While WDC’s and other conservation organizations’ official comments influence policy makers, the comments from citizens are what can truly make a difference. Although WDC is a force of advocacy and scientific information, public voices help to communicate the need for change to our government, and echo why protecting right whales matters to many outside of the scientific community. This kind of strong public support shows policy makers and elected officials alike that this issue matters.
“Submitting the signatures and comments of others to NOAA was a great example of the culmination of all WDC’s efforts paying off in a grand display of support to save the North Atlantic right whale” commented Emily Ryane Moss, WDC’s Act Right Now Campaign Lead.
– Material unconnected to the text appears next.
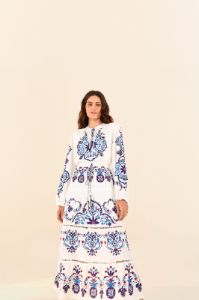 Off-White Navy Embroidered Midi Dress sold by FARM Rio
More on the Ship Strike Rule …
Fewer than 500 North Atlantic right whales remain, and their survival is constantly threatened by human activity, including vessel strikes and entanglements. In 2008, the National Oceanic and Atmospheric Administration (NOAA) and National Marine Fisheries Service (NMFS) enacted a “ship strike rule” to help protect these critically endangered whales. The rule requires vessels 65ft and larger to slow to 10 knots in places right whales live, a tactic that has been proven by numerous studies to significantly reduce the risk of fatal ship strikes to right whales. NOAA’s own data show that slowing ships reduces the chance of a fatal ship strike by 80-90%. Despite these encouraging numbers, the rule is currently set to expire on December 9, 2013.